Christian Benteke might as well now give up on the idea that he’s a goalscorer, but as he’s shown in recent games, he can still be crucial…
It’s been a while since Christian Benteke has been seen as a reliable goalscorer, or even as an asset to any team he has played in. Whilst his more recent career has been blighted by injuries, he has often flattered to deceive. His time at Liverpool was so disappointing it is easy to forget that, at the time, he was their second most expensive signing ever. He hasn’t scored more than ten goals in a season since his first at Crystal Palace back in 2016-17. A manager choosing Benteke to head up their attack is surely one not interested in scoring goals.
For the majority of the first half of the season, Roy Hodgson decided he would not be such a manager. Benteke spent time on the bench whilst Jordan Ayew led the Crystal Palace line. During that time they scored 14 goals in 16 games. It seemed a manager choosing Ayew to head up their attack was also one not interested in scoring goals.
Hodgson signed Cenk Tosun on loan in January, clearly wanting a more dynamic centre-forward. Tosun did not make an immediate impact, and now he has been ruled out for the rest of the season, forcing Hodgson to go back to Ayew and Benteke. With Benteke in the starting line up again, Palace have scored 26 goals in 29 games and are in 11th place. Not much change there then.
Benteke was gifted his first goal of the season in a 3-1 loss to Everton when his shot slipped through Jordan Pickford’s hands. Whilst it hasn’t inspired a flurry of goals since, it does seem to have given him more confidence in other areas of the field. Crystal Palace have now won three games 1-0 on the bounce, with Benteke’s build-up play key in two of those victories.
Initially against Brighton last week, it felt like the same old story from Benteke. In the fourth minute, a ball was played from the halfway line over the top of the Brighton defence. He shaped his body – presumably to shoot – but the ball that came off his foot looked more like a cross. It typified the problem of having Benteke as your target man. He might be your target, but there’s no guarantee whether he has figured out where his target is. Yet the build up for Palace’s goal showed a different side of Benteke.

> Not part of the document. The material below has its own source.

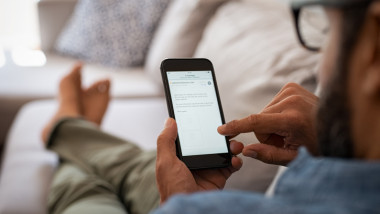 Man reading email on smartphone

Benteke dispossessed Brighton midway in their half, using his strength to bundle the ball away from two Brighton players. He then drove forward to the edge of the area before playing a reverse pass through the defensive line to Ayew who finished well. It was all Palace needed to get the three points.
The play showed Benteke’s ability in a different sense. Instead of a focus on his performance in front of goal, he was able to be a physical presence further up the pitch, pulling defenders away at the same time. It was reminiscent of the way older strikers choose to hold up the ball in an advanced area and bring other teammates into the game. It felt like a much more realistic representation of where Benteke’s strengths lie at the moment.
Palace probably felt they couldn’t have faced Watford at a worse point of the season: fighting relegation and on a high from being the first and only team to beat Liverpool in the league this season. Their defence, bolstered by Gary Cahill’s arrival in the summer, has been particularly reliable – they have more clean sheets than Chelsea, Wolverhampton Wanderers and Arsenal. This was to be their third consecutive clean sheet in a row, the first time they have managed that since March 2017.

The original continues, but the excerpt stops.